SALF308A - Automatic interest and late payment penalties: late payment penalties on unpaid Income Tax and Capital Gains Tax for 2010-11 onwards

Background

This page describes the financial penalties for failing to pay Income Tax and Capital Gains Tax on time for the tax year 2010-11 and any subsequent tax year. The relevant legislation is in Schedule 56 Finance Act 2009.

SALF307 describes the penalties for failing to pay Income Tax and Capital Gains Tax on time for the tax year 2009-10 and any earlier tax year. The rules set out in SALF307 apply to any late paid tax for 2009-10 or an earlier year irrespective of when the tax was charged.

A late payment penalty will arise on any tax paid late

Paragraph 1 Schedule 56 FA 2009

The self assessment system is based on voluntary compliance. So it is essential that those taxpayers who pay the right amount of tax at the right time feel confident that the system does not reward non-compliance in any way.

However, the interest charged on late payments is not a penalty. It is designed to cancel the immediate financial advantage for those who pay late over those who pay on time.

So, in addition to any interest that may arise on tax paid late there is also a scheme of late payment penalties to encourage prompt payment. A late payment penalty is payable in respect of any tax (including capital gains tax or student loan repayments) which:

  • is shown as due in any self assessment (whether calculated by the taxpayer or HMRC) but which is not covered by any payment on account or balancing payments made (Section 59B)
  • in the context of a formal enquiry is shown as due in an amended self assessment, or discovery assessment, but which is not postponed pending an appeal (Section 55 - see SALF400).

The late payment penalty is also payable on any Class 4 NICs unpaid as if those contributions were income tax chargeable under Chapter 2 of Part 2 of the Income Tax (Trading and Other Income) Act 2005 (S16(1) Social Security Contributions and Benefits Act, 1992).

There are three late payment penalties

There are three late payment penalties, each equal to 5% of the unpaid tax. They are based on the amount of tax unpaid on the penalty date. The penalty date is date on which a penalty is first payable and is the day after the date specified in the Table in Paragraph 1 Schedule 56. For amounts payable under Section 59B(3) or (4) TMA, the date given in the Table is 30 days after the date specified in Section 59B(3) or (4) as the date by which the amount must be paid.
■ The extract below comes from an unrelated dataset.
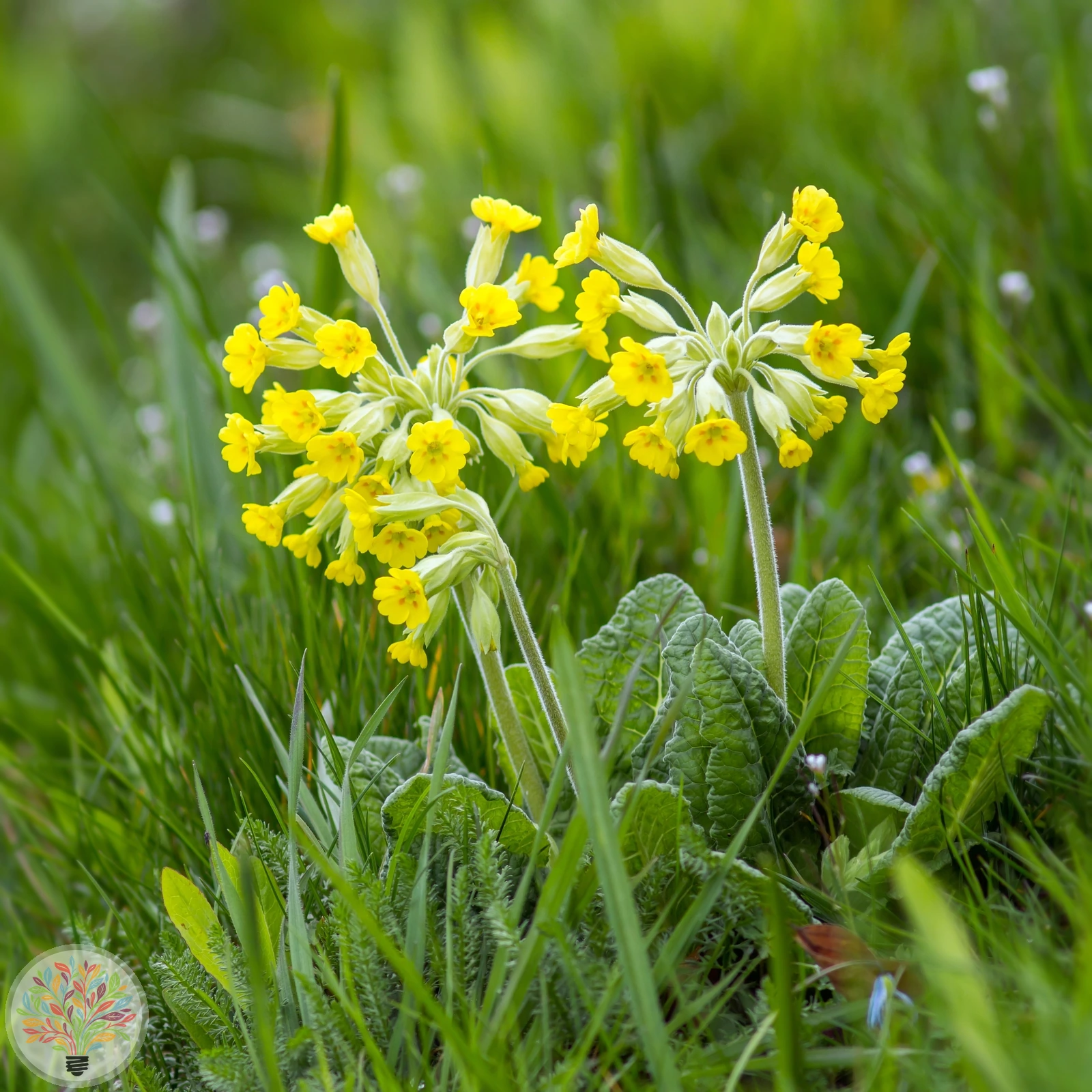 Wiesen-Primel – Bild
The first late payment penalty is 5% of any tax unpaid after 30 days

Paragraph 3(2) Schedule 56

Where a balancing payment or payment on account is still unpaid more than 30 days from the due date for that year’s balancing payment, a late payment penalty automatically arises equal to 5% of the tax unpaid at that date.
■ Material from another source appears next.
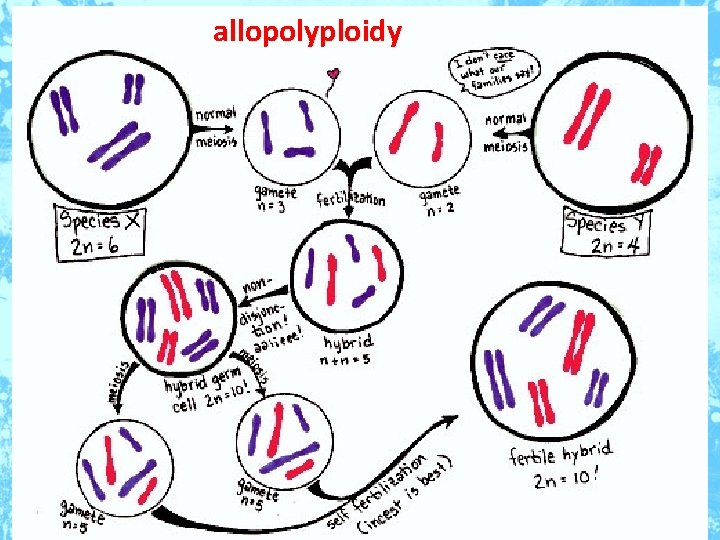 allopolyploidy 9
There will always be some taxpayers who intend to pay on time but, for some genuine reason, fail to do so. The 30 day period before a late payment penalty arises ensures that these taxpayers do not incur such a penalty.
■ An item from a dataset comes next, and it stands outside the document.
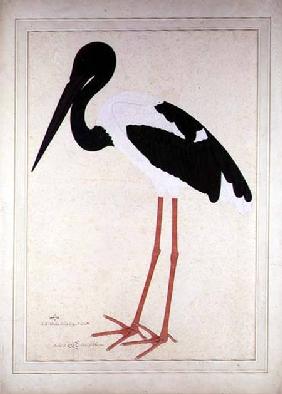 Blacknecked Stork, Xenorhynchus Asiaticus, painted for Lady Impey at Calcutta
There may also be some taxpayers who, having calculated their final liability for a tax year, realise that they will have insufficient funds to pay the balance due at the due date. The 30 day period gives these taxpayers time to contact HMRC to arrange a suitable scheme of payment.

The second late payment penalty is 5% of any tax unpaid five months after the penalty date

Paragraph 3(3) Schedule 56

Any tax that remains unpaid after the end of the period of 5 months beginning with the penalty date is again subject to a late payment penalty equal to 5% of the unpaid tax.

The third late payment penalty is 5% of any tax unpaid 11 months after the penalty date

Paragraph 3(4) Schedule 56

Any tax that remains unpaid after the end of the period of 11 months beginning with the penalty date is again subject to a late payment penalty equal to 5% of the unpaid tax.

Example: Late payment penalty

Abigail completes her self assessment for 2011-12 showing a total tax liability of £9,000. Payments on account are paid on time. The balancing payment due on 31 January 2013 is £5,500, but she makes a payment of only £1,750. £3,750 is outstanding.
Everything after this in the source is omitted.